In  a recent blog fellow blogger John Evans  quoted Henry Ford: "I don't know much about history, and I wouldn't give a nickle for all the history in the world. History is more or less bunk. It is a tradition. We want to live in the present, and the only history that is worth a tinker's damn is the history we make today".  John  countered Ford’s blinkered view of the world  with that of American author/historian  David McCullough who said "A nation that forgets its past can function no better than an individual with amnesia".

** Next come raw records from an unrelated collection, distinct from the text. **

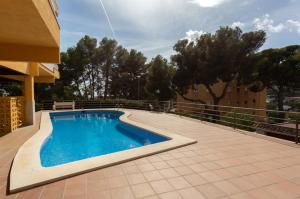 カステルデフェルスにあるApartamento en castelldefelsの建物の隣のパティオにスイミングプールがあります。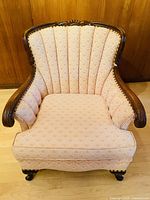 Front view of the armchair showcasing scallop pattern upholstery and carved wood frame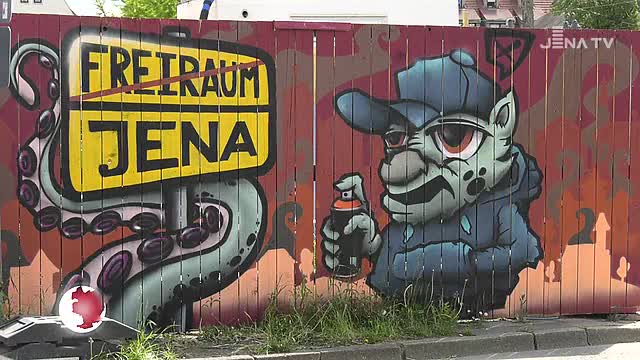 Streetart-Galerie: Am Bauzaun auf dem Inselplatz wird für Freiräume geworben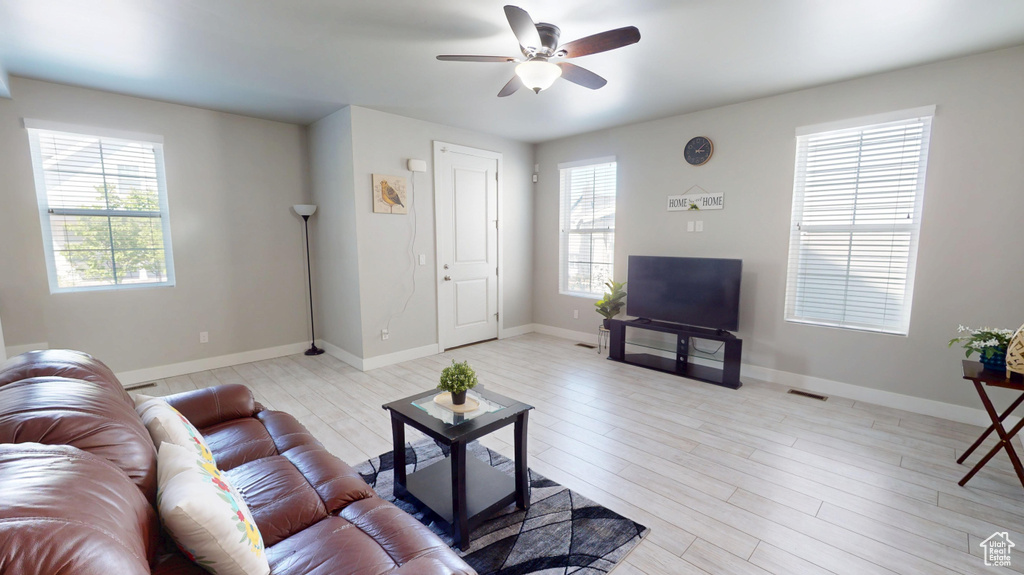 Living room featuring baseboards, light wood-style flooring, and ceiling fan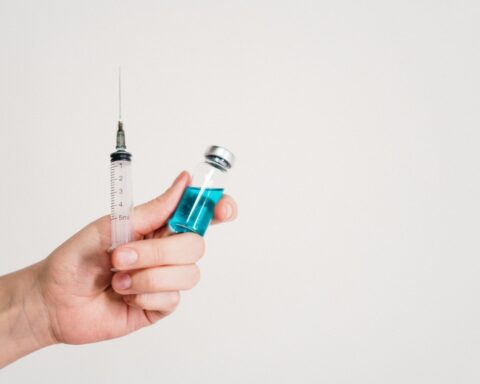 Representative Image. A Person is holding a syringe and a vaccine.(Source-Pexels)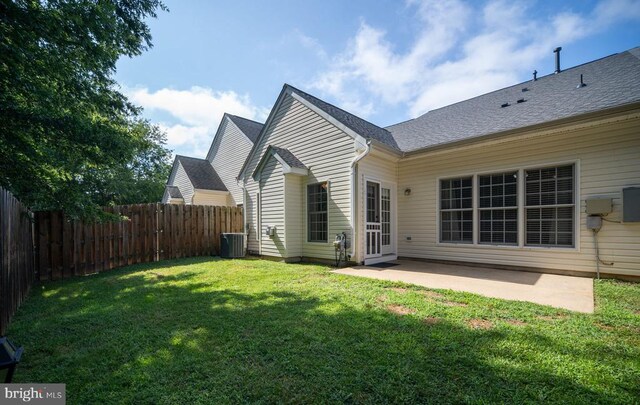 11313 Macon Dr, Fredericksburg, VA 22407 - back of property featuring a patio area and a shingled roof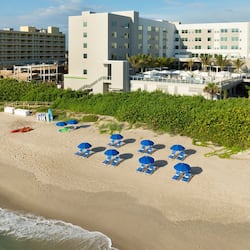 Enjoy stunning ocean views from this beachfront hotel's spacious balconies.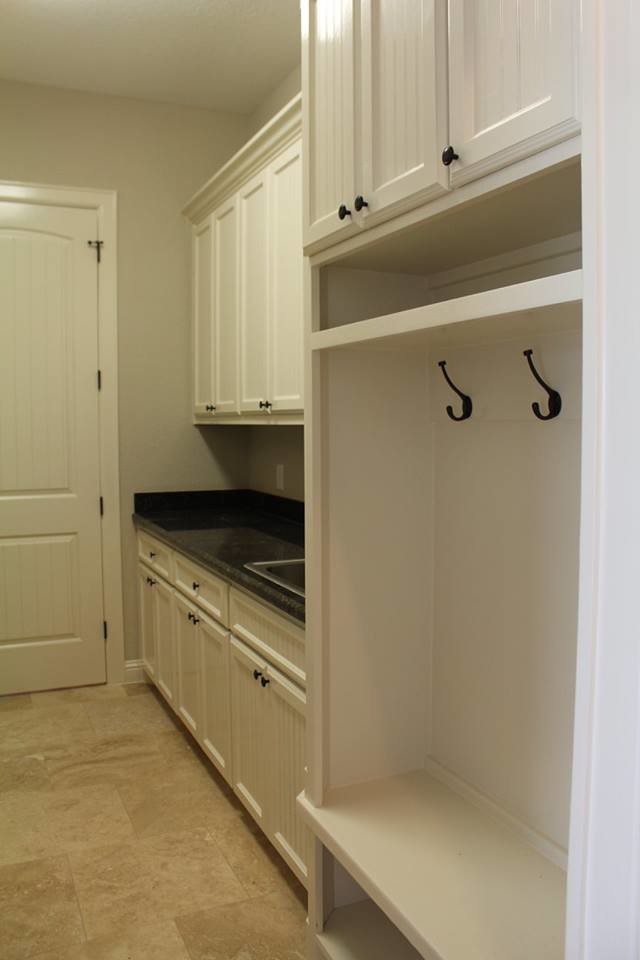 This is an example of a mid-sized traditional single-wall utility room in Houston with a drop-in sink, recessed-panel cabinets, white cabinets, granite benchtops, beige walls and travertine floors.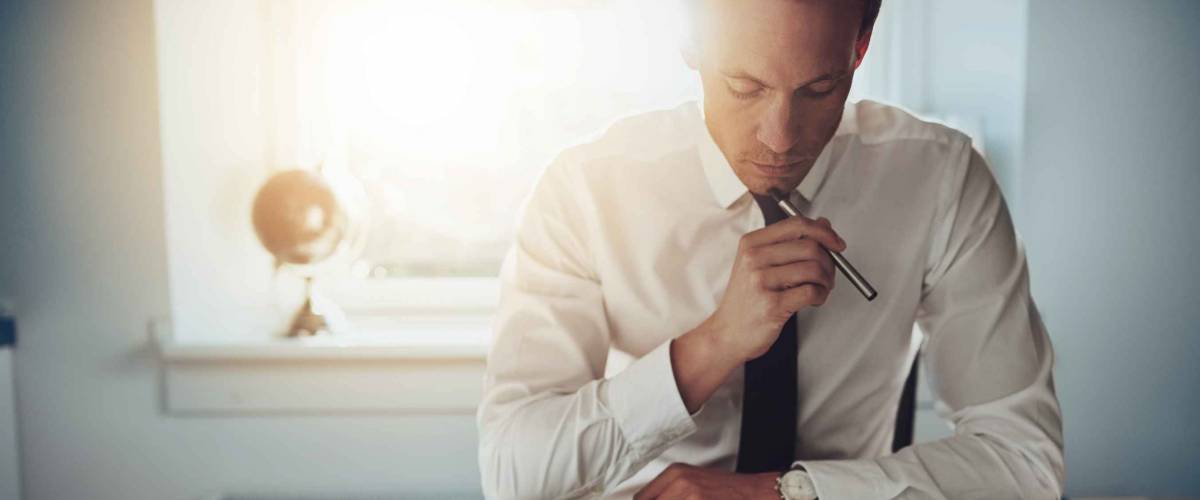 Serious looking man in shirt and tie sits at desk and looks down with pen held to his chin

School gates in Eyam - 'Ring a ring a roses...'
For many years now the history curriculum in schools has been a bit of a battle ground.  Government  initiatives, a constantly changing national curriculum, curriculum ‘squeeze’ as more and more subjects claim a place in the classroom, different perceptions and beliefs as to what constitutes 'history' and sadly,  perhaps a falling off of interest in the young who want to be in the present rather than in the past' These have all combined to increasingly marginalise the subject. Confusion about what constitutes history is not a new phenomena. I was recently watching the DVD of Vera Brittain’s autobiography 'Testament of Youth' – a book I love. I was reminded of Vera’s horror in her Oxford interview in the early years of the twentieth century. She was disappointed and angry to discover that 'Modern History' (which she hoped to study)was not at all 'modern' - it was actually the study of times that ended at least half a century before!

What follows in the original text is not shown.